I have fracino cherub bought new from cater kwik in february of this year, and i keep it on a timer switch. This morning i woke up to make my coffee as usual and found the machine on, but stone cold. Since then i've tried taking off the case and trying to find the red thermostatic safety switch but could only find a white one which would jiggle in place, or pull, instead of pressing. I also tried replacing the water in the tank with tap water in case the tds is suddenly an issue, but nothing has worked. I only use volvic water and backflush semi-regularly, but have not descaled yet. I'm also having trouble finding the original packaging in case I need to send the machine back. Does anyone have any suggestions?


----------



## ChilledMatt (May 9, 2015)

This has happened twice on my Ariete. Both times it needed a new element.


----------



## flyabynyt (Mar 11, 2013)

How did you fix the issue?


----------



## ChilledMatt (May 9, 2015)

Back to Fracino both times. May I ask when you bought yours? My gut feeling is a faulty batch of elements. Fracino were unable to offer any explanation as to why it might be happening. I've had mine for a year and had the element fail twice in the first six months or so. Touch wood the current one has been in the machine the longest so I am hoping it is all good now. As a result of the problem I negotiated an extra six months warranty as I was beginning to lose faith in the machine.


----------



## ChilledMatt (May 9, 2015)

Ignore my question regarding when you purchased, just reread your original post.


----------



## ChilledMatt (May 9, 2015)

My second element that failed was put in in February.


----------



## flyabynyt (Mar 11, 2013)

Thanks, I'll contact the seller and fracino and get the machine checked out


----------



## thehandthatbites (Feb 27, 2017)

I am just about to take my ariete back for a second element replacement in 14 months, it's a joke. I'm actually fed up with the machine now. I wish I bought a rocket.


----------



## flyabynyt (Mar 11, 2013)

I cannot believe this, but after getting the machine repaired via fracino back when this first happened, the issue happened again and now it isn't heating up anymore. Is there any way I can get a replacement machine because I think this will keep happening again and again.


----------



## El carajillo (Mar 16, 2013)

Could be worth contacting Fracino and mentioning that several members have had the same problem and ask them to look into the problem.

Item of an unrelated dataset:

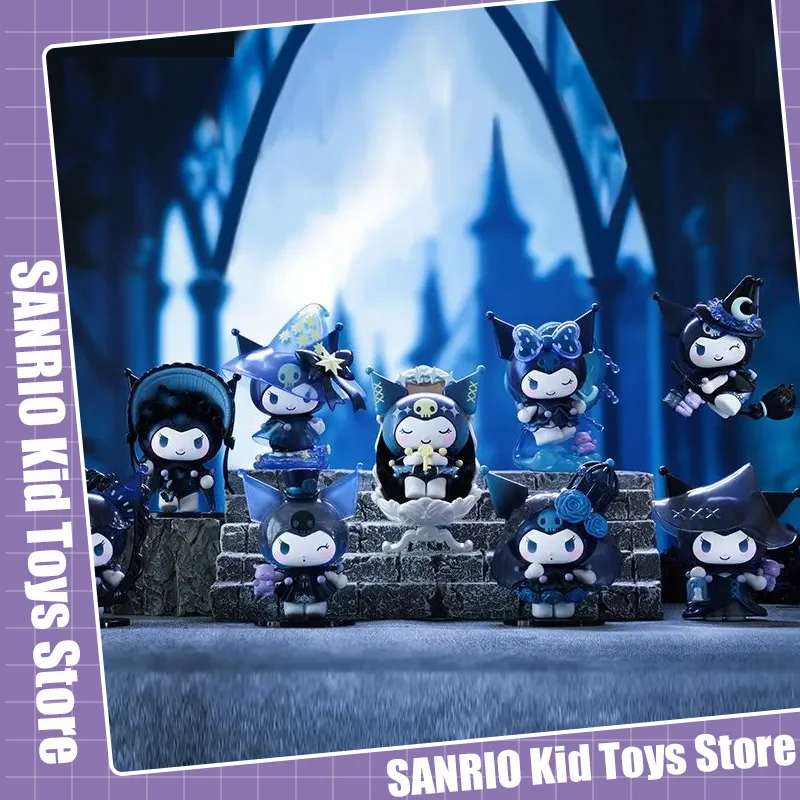 

Оригинальные фигурки Sanrio Kuromi Witch's праздничные аниме статуэтки женские игрушки кавайная кукла Kuromi коллекционные украшения для девочек подарок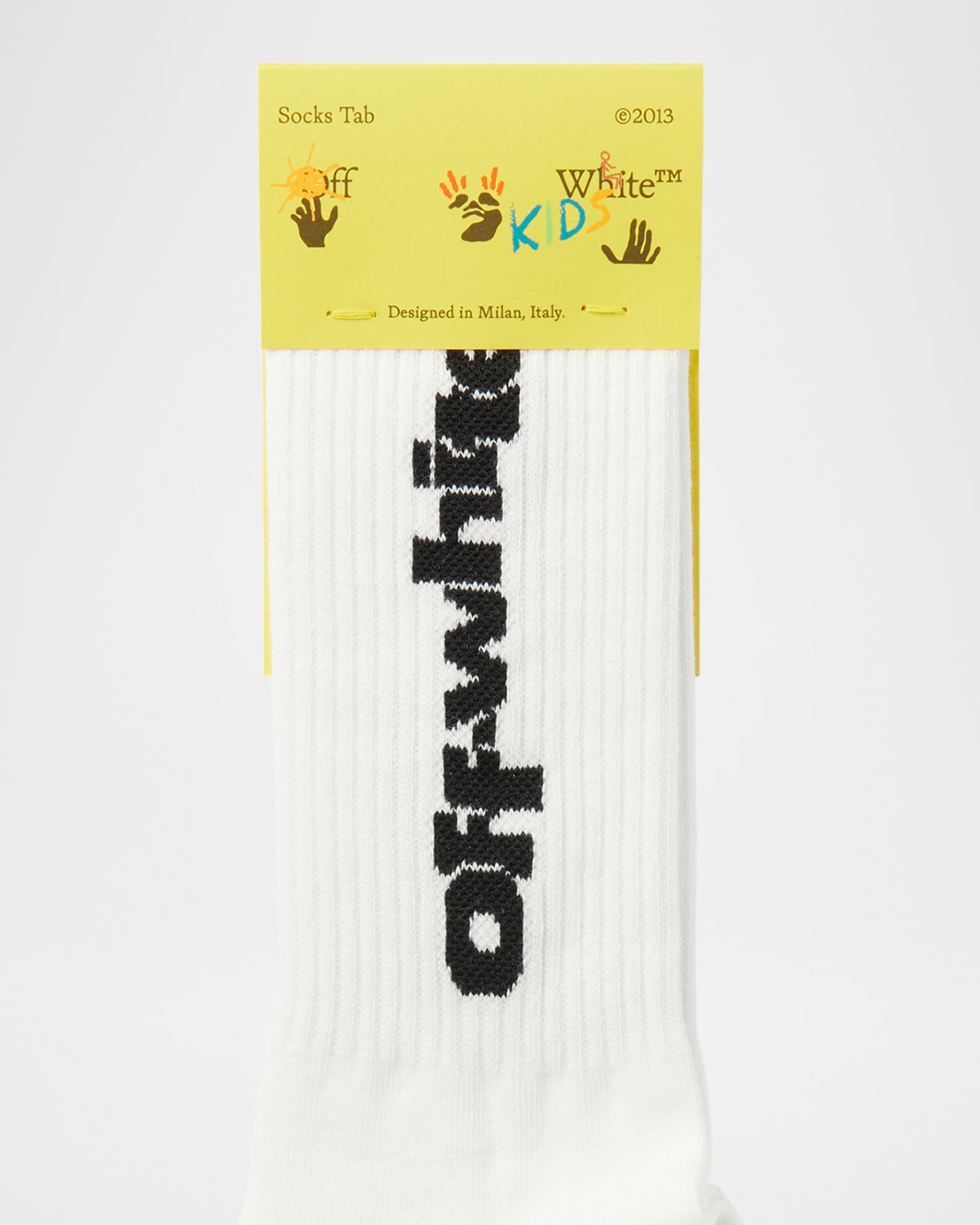 Kid's Type Graphic Long Socks, Size S-L 1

It could be as someone has already said "it could be a faulty batch of elements"


----------



## ChilledMatt (May 9, 2015)

Since my last reply on this thread my Ariete failed once more. Despite getting close to the end of the warranty period Fracino replaced the machine with a brand new Classico (same machine, has had a name change) with a verbal new warranty. My Classico is now on its second heating element. Fracino replaced it but were suggesting that there must be an environmental factor causing the issue as they are not having these problems with anyone elses machines. My current element is approaching six months old which is the longest I have had one last, though I feel just by saying this I am seriously tempting fate!


----------



## El carajillo (Mar 16, 2013)

I would be inclined to contact them and point out that you are aware of several other people with exactly the same problem and that it is not

"an environmental factor " and you would be interested to know just how many faults they have had reported.


----------